**Listed records**

******************************

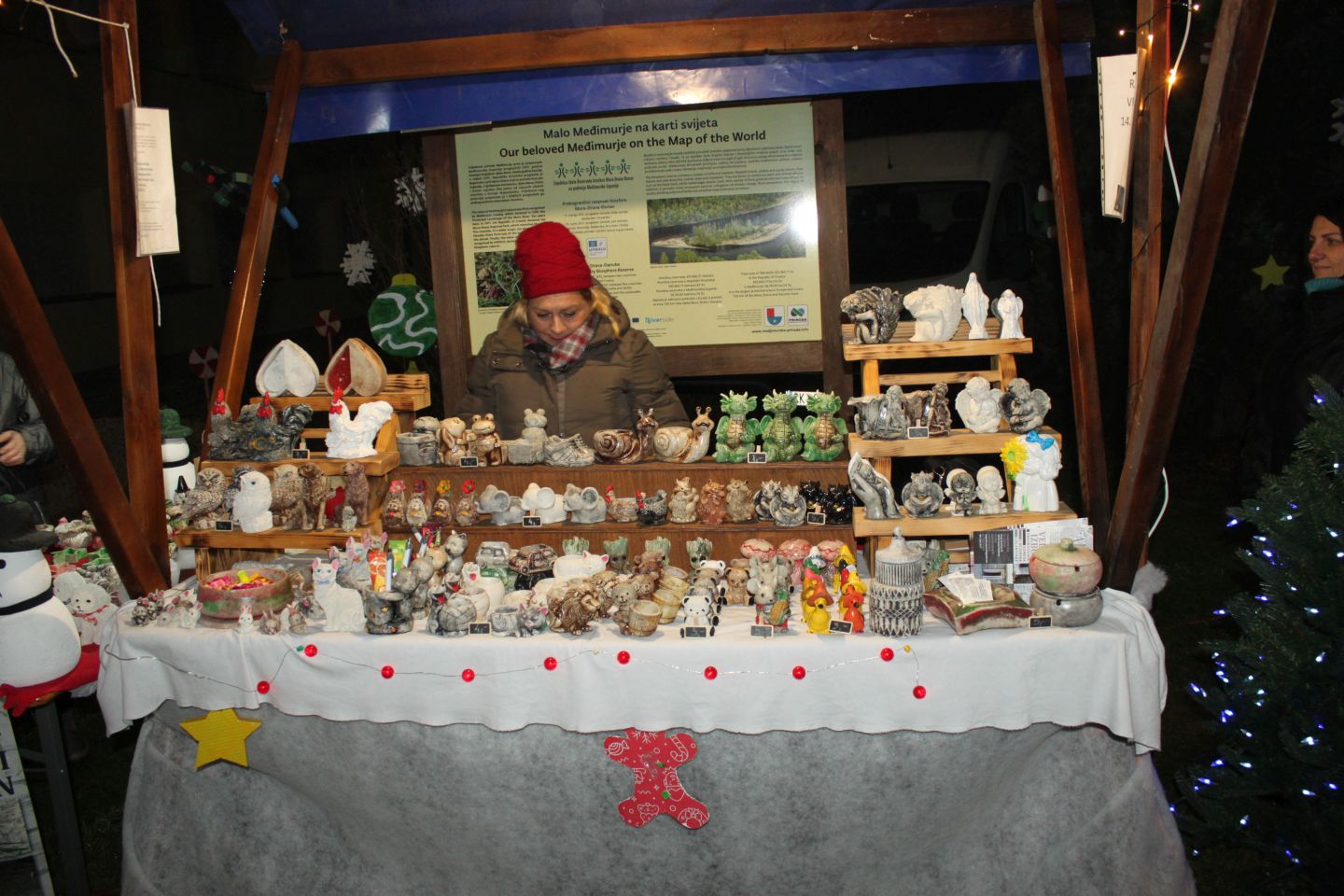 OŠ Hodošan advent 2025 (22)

******************************

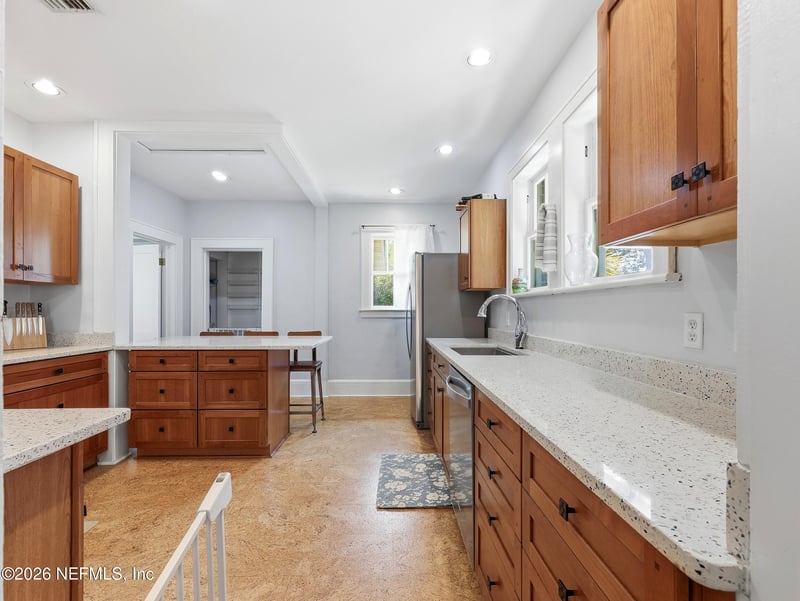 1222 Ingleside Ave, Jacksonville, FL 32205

******************************

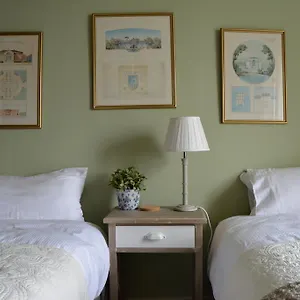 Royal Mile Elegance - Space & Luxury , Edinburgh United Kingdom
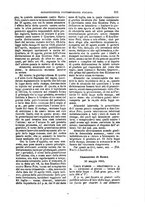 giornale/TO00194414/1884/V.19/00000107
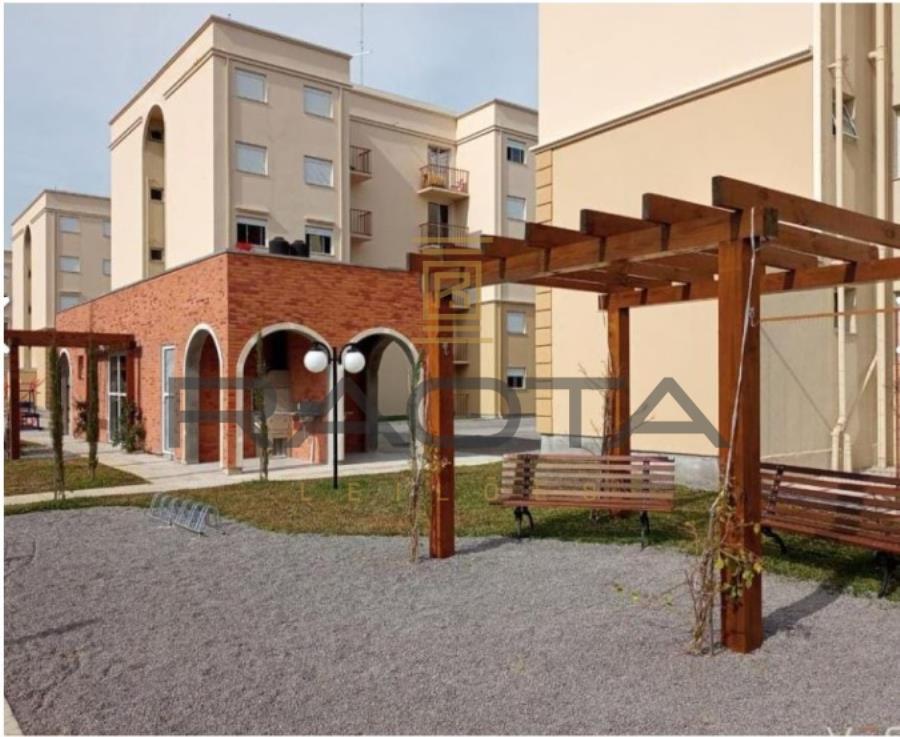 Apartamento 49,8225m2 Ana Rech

******************************

**Problem to work on**
An exact copy is needed of the entries above, starting at the line that holds "Royal Mile Elegance" and stopping at the line that holds "Apartamento 49,8225m2 Ana Rech", both kept; pictures stay out.

**Response to this exercise**
 Royal Mile Elegance - Space & Luxury , Edinburgh United Kingdom
 giornale/TO00194414/1884/V.19/00000107
 Apartamento 49,8225m2 Ana Rech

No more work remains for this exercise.